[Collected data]
####

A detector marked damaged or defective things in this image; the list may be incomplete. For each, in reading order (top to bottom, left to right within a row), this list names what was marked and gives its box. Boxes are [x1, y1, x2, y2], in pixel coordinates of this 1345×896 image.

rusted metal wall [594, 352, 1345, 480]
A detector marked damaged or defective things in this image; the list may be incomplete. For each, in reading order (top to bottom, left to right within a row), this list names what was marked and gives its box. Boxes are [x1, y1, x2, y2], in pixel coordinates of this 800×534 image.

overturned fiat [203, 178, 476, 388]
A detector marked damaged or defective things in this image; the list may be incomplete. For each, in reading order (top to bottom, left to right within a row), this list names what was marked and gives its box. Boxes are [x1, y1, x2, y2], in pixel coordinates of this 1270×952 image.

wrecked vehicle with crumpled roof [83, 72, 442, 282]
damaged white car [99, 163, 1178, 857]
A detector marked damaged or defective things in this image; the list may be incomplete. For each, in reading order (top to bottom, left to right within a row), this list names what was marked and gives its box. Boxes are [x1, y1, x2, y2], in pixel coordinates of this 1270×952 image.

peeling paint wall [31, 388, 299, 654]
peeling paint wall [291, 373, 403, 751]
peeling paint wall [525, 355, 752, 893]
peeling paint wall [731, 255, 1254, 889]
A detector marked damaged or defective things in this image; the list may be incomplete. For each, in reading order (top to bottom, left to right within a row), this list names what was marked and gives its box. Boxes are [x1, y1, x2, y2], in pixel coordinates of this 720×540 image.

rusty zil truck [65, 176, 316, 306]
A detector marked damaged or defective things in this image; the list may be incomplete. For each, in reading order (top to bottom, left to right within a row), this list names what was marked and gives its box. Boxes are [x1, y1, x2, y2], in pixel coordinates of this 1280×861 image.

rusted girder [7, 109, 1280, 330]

####

*How to complete this task*.
Your answer must hold the line containing "this 720×540 image." and all lines after it in the entries above, exactly, and nothing else.

*Result of the exercise*.
A detector marked damaged or defective things in this image; the list may be incomplete. For each, in reading order (top to bottom, left to right within a row), this list names what was marked and gives its box. Boxes are [x1, y1, x2, y2], in pixel coordinates of this 720×540 image.

rusty zil truck [65, 176, 316, 306]
A detector marked damaged or defective things in this image; the list may be incomplete. For each, in reading order (top to bottom, left to right within a row), this list names what was marked and gives its box. Boxes are [x1, y1, x2, y2], in pixel coordinates of this 1280×861 image.

rusted girder [7, 109, 1280, 330]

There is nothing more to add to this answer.